(PROBLEM TO WORK ON)
Take the line containing "CHẾ TẠO MÁY MAXDER 9" and every line after it in the data below, and print them exactly as given, with nothing else.

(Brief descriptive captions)
------
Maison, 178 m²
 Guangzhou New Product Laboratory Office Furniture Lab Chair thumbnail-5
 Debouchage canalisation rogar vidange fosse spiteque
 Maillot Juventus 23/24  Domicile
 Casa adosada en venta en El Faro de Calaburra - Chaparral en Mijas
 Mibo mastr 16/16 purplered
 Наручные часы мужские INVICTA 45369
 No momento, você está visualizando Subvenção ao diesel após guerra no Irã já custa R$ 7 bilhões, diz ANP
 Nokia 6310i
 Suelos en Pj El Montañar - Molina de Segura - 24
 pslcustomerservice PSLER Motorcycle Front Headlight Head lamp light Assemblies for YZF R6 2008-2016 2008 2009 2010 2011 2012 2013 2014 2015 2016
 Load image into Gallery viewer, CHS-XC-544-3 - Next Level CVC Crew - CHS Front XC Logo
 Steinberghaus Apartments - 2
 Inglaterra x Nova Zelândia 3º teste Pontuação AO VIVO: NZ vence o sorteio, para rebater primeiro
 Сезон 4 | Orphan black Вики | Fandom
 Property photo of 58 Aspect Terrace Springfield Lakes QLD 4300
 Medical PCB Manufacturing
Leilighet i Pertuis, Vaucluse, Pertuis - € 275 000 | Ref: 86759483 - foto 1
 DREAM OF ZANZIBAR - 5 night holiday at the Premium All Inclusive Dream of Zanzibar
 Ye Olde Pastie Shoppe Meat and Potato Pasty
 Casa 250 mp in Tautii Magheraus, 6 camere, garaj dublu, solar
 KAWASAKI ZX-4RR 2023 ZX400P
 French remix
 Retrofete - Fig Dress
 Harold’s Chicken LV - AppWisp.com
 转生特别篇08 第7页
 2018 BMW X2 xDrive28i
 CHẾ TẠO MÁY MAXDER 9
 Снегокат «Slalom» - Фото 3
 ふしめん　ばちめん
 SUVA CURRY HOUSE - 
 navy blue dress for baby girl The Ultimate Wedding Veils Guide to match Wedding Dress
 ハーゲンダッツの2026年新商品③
------
(ANSWER TO THE EXERCISE)
 CHẾ TẠO MÁY MAXDER 9
 Снегокат «Slalom» - Фото 3
 ふしめん　ばちめん
 SUVA CURRY HOUSE - 
 navy blue dress for baby girl The Ultimate Wedding Veils Guide to match Wedding Dress
 ハーゲンダッツの2026年新商品③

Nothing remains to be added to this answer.